Cientes de que essa preocupação circula entre o público, os organizadores do evento publicaram um guia online com recomendações para os participantes. Por exemplo, sugerem que os manifestantes não interajam com o bando rival. “Não estamos aqui para argumentar com o outro lado”, diz o texto.

O guia pede também que os manifestantes mantenham o foco no tema central e escanteiem outras questões que podem ser levantadas pelos oponentes —por exemplo, a presença de estátuas de líderes confederados em Richmond, que incomoda parte da população. “Isso não é sobre bandeiras, estátuas, história etc. É apenas sobre armas.”

O faz-tudo Michael Richards, 54, mora em uma comunidade rural no estado da Geórgia. Dessa maneira, não será afetado pela legislação que o estado da Virgínia debate nestes dias para limitar o acesso a armas de fogo em seu território.

Ainda assim, ele planejava dirigir mais de oito horas até a cidade de Richmond, cruzando fronteiras estaduais, para participar dos protestos desta segunda-feira (20).

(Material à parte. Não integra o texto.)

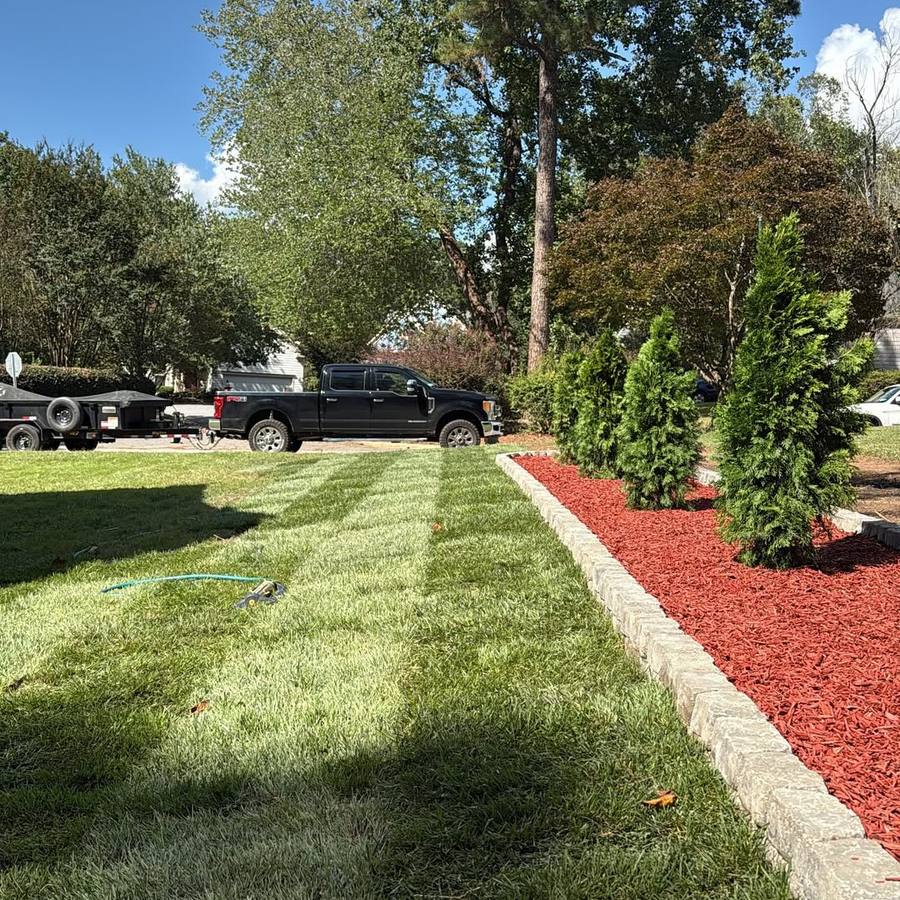 Stone edging with red mulch and arborvitae planting for erosion prevention in Raleigh NC by MC Landscaping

Isso porque, para ativistas pró-armas como Richards, o que está acontecendo em Virgínia é um prenúncio do que pode ocorrer em todo o país. “Essas leis draconianas não vão parar na fronteira da Virgínia, caso não haja uma oposição visível”, ele afirma.

Richards diz estar ciente de que as leis devem ser aprovadas na Virgínia, a despeito dos protestos. Mas ele quer, ainda assim, enviar uma mensagem aos governantes dos demais estados: “Se vocês tentarem impor leis como estas, vão ver uma população indignada dizer ‘não’.”

“Vou mostrar abertamente minha AR-15 [um fuzil semiautomático] e estarei com uma pistola na cintura”, ele diz sobre o evento. “Vou levar a bandeira da Geórgia para mostrar para a Virgínia que eles não estão sozinhos.”

A questão, para Richards, é de teor legal. A segunda emenda da Constituição americana, afinal, prevê a possibilidade de que cidadãos se armem —apesar de que, do outro lado, os detratores dizem que o contexto histórico era bastante diverso quando esse texto foi ratificado em 1791.

“Eu nunca servi no Exército, nunca fui policial, não pertenço a uma milícia e não caço”, diz Richards. “Mas tenho o direito de usar qualquer ferramenta à minha disposição para me defender, e as armas de fogo são uma das melhores opções. Talvez as melhores.”

“Nós não estamos protestando porque queremos manter os nossos brinquedos”, ele afirma. “Estamos protestando porque queremos manter as poucas liberdades que ainda nos restam.”